# Anybody know this website??



## Hibauchery (Sep 30, 2009)

A couple of weeks ago, I happened across a website that listed all of the Alabama public reefs, and I believe Florida Panhandle reefs as well. What made this particular site different from others that I have seenwas that it described the specific materials used to construct the reef, the directional orientation of the reef material on the bottom, and the area that the reef covers. Alas, I apparently didn't bookmark the site, and of course now I can't locate it again... Anybody know this site???


----------



## mpmorr (Oct 3, 2007)

Half Hitch Tackle has something like that.

Here is the one for Destin. Hope it helps.

http://www.halfhitch.com/GPS.asp?StoreLoc=Destin


----------



## gator7_5 (Oct 4, 2007)

bump.
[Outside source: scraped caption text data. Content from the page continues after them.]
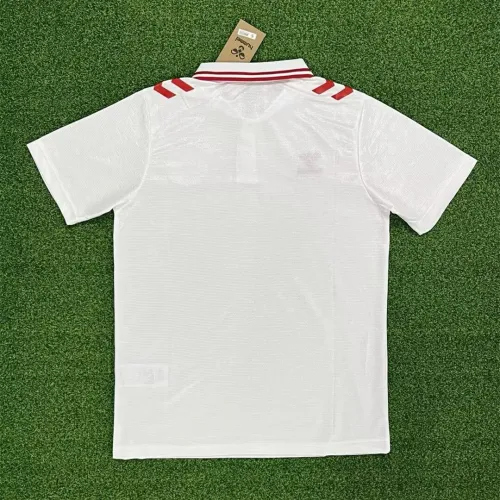 Denmark Euro 2024 Away Man Jersey
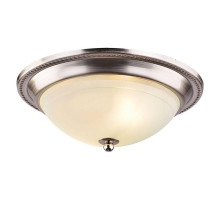 Потолочный светильник Arte Lamp 28 A3011PL-2SS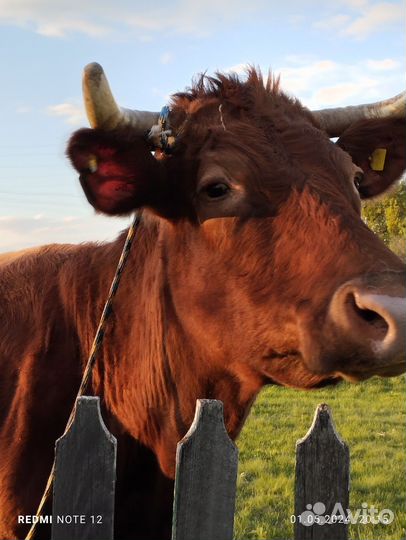 Корова дойная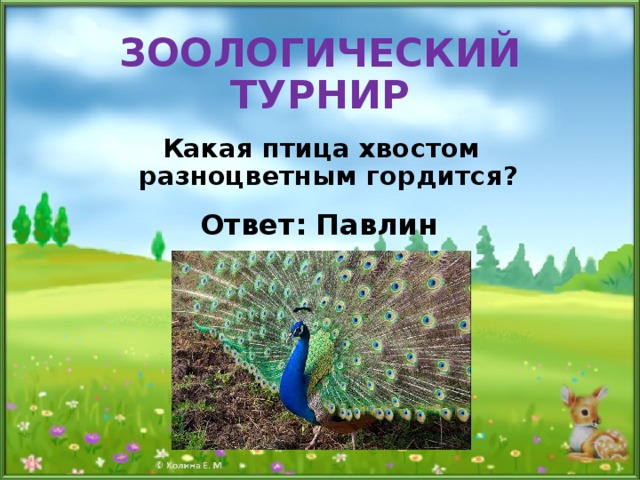 ЗООЛОГИЧЕСКИЙ ТУРНИР Какая птица хвостом разноцветным гордится? Ответ: Павлин 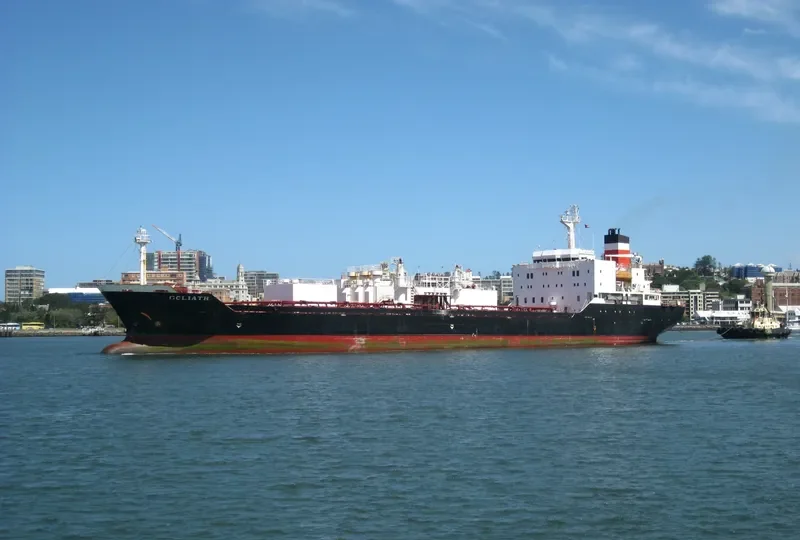 GOLIATH General Cargo IMO 9036430 photo 10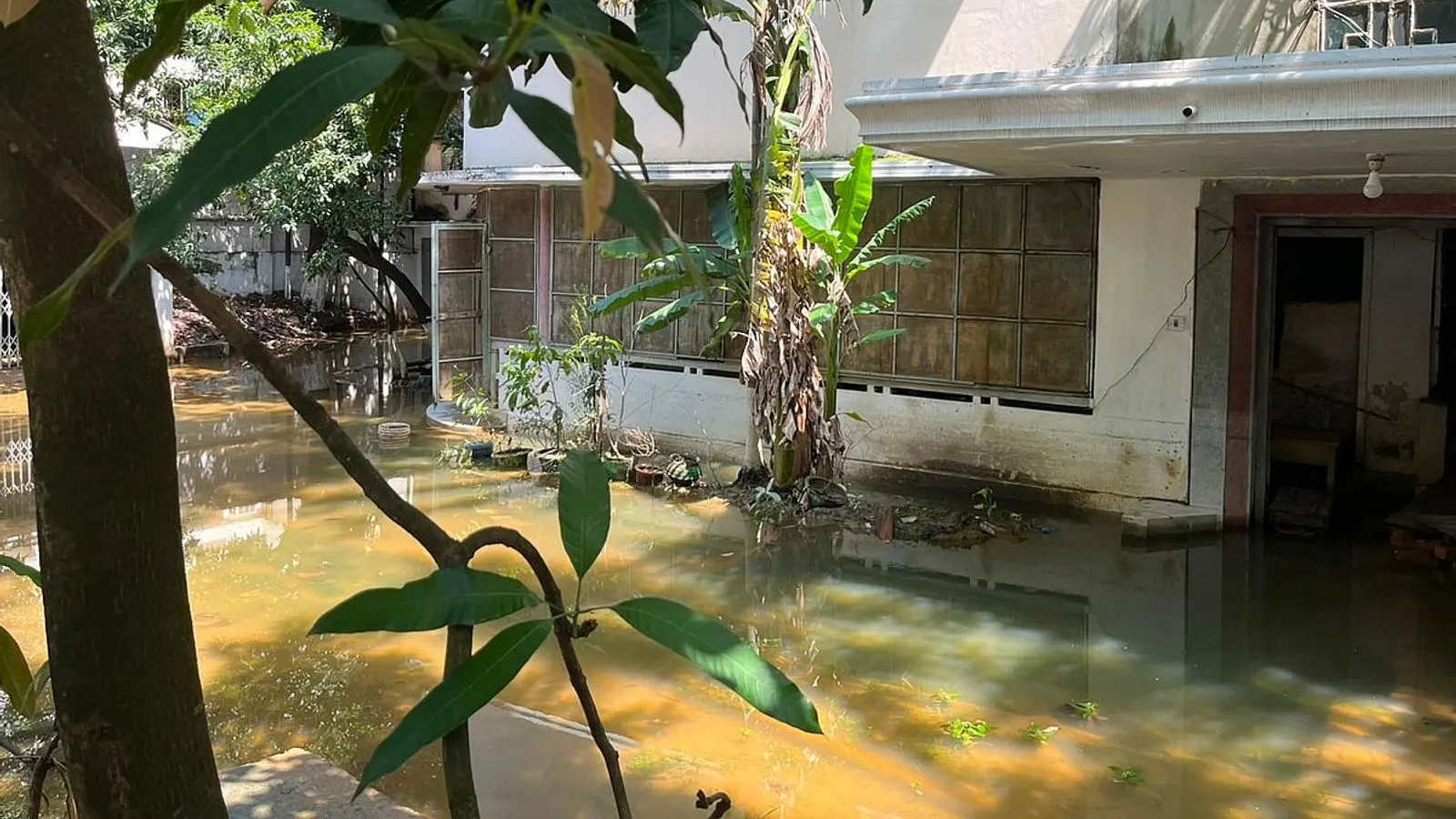 Chittagong Finds Aedes Breeding Sites Including Yunus Home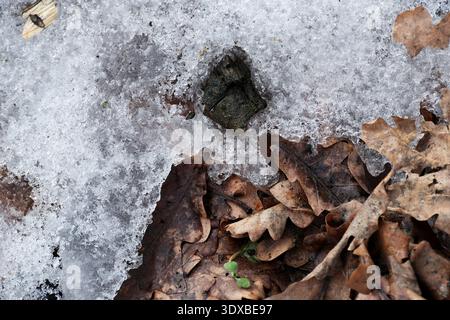 Le froid de l'hiver persiste alors que la neige fond parmi les feuilles tombées sur un sol forestier. Banque D'Images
I'm looking for a good source for Alabama Reefs (specifically perdido pass) and can't find anything like Escambia countyFl offers.


----------



## GregBR549 (Dec 18, 2007)

Is this what you are looking for???

http://www.outdooralabama.com/fishing/saltwater/where/artificial-reefs/reef_brochure.pdf


----------



## GregBR549 (Dec 18, 2007)

Here is another cool website. 

http://www.gpsvisualizer.com/map_input?form=google

You can download the xls at http://www.outdooralabama.com/Fishing/saltwater/where/artificial-reefs/AlabamaPublicReefs.xls

But you will have to change the longitude. Now it has longitudes as positive numbers. That will put you in China. You need to change the lats to negative.

The easy way I found to do this is to search the spreadsheet for 87º. then replace it with -87º. then do the same for 88º. Let me know if you have problems and I will email you the corrected spreadsheet.

Or if anyone can tell me how to load an xls on here I will do that.

Greg


----------



## GregBR549 (Dec 18, 2007)

oops. Sorry, you need to change the longitudes to negative.


----------



## gator7_5 (Oct 4, 2007)

Thanks alot for the links.


----------